- **ASSIGNED TASK**
In the entries that follow, find the line containing "Welsh Partbred (Sec" and the line containing "For Sale: $15,990 (0.23 acres)", then copy exactly everything from the first through the second except the pictures.

- **EXCERPTED DATA**
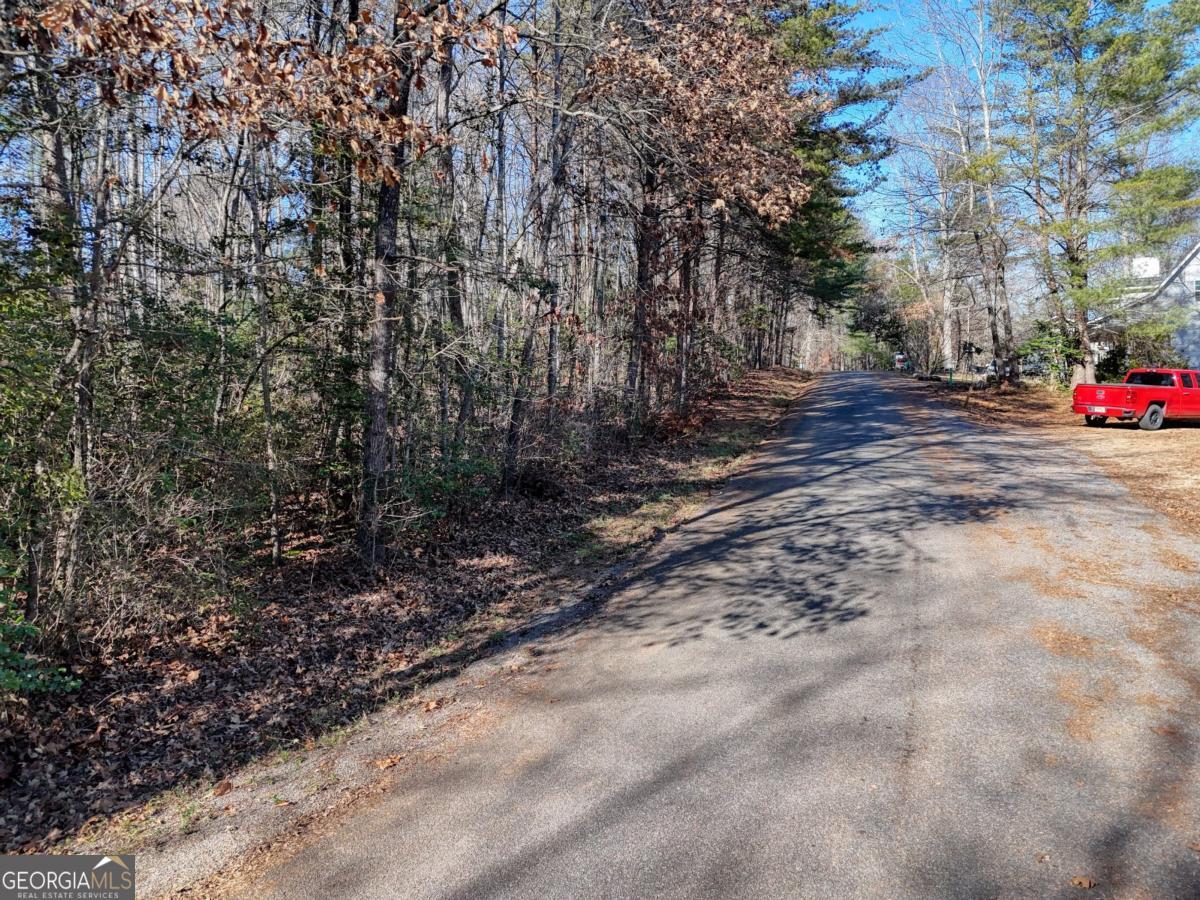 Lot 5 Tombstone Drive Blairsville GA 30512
---
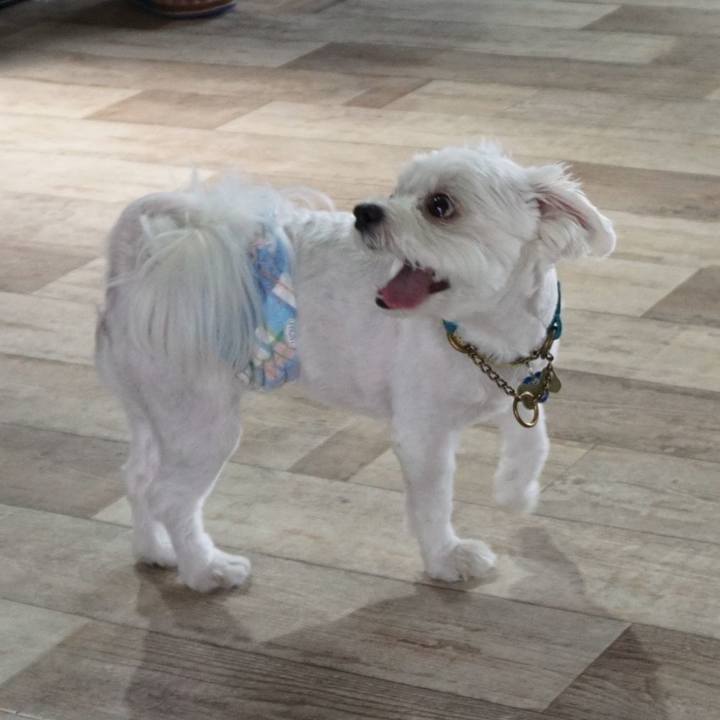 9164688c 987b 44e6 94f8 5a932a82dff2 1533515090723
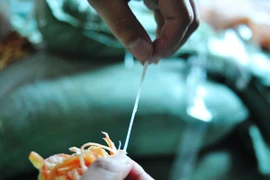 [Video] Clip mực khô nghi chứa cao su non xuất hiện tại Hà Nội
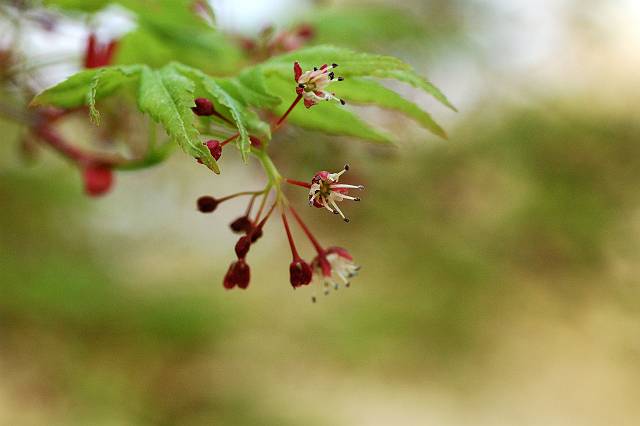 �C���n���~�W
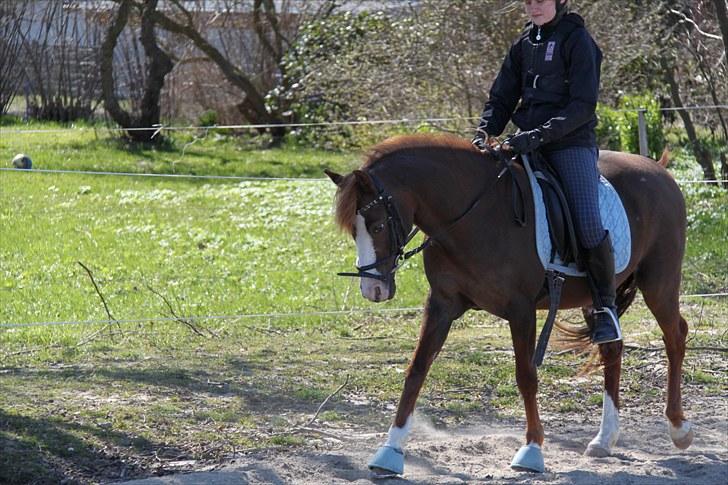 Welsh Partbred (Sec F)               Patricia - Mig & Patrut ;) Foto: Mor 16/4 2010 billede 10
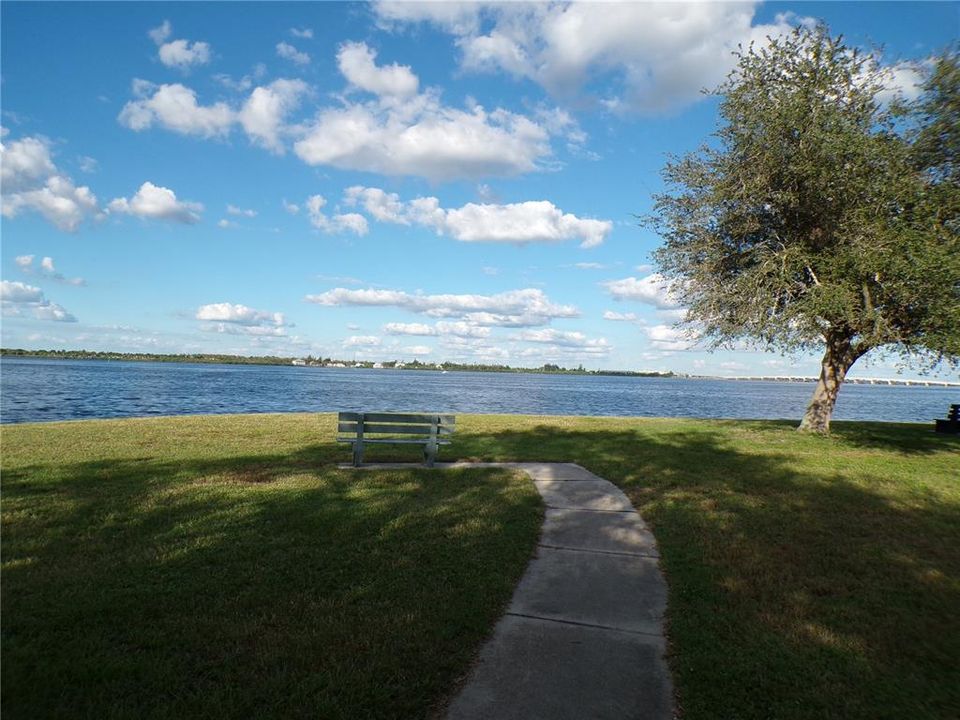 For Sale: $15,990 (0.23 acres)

- **SOLUTION TO THIS TASK**
 Welsh Partbred (Sec F)               Patricia - Mig & Patrut ;) Foto: Mor 16/4 2010 billede 10
 For Sale: $15,990 (0.23 acres)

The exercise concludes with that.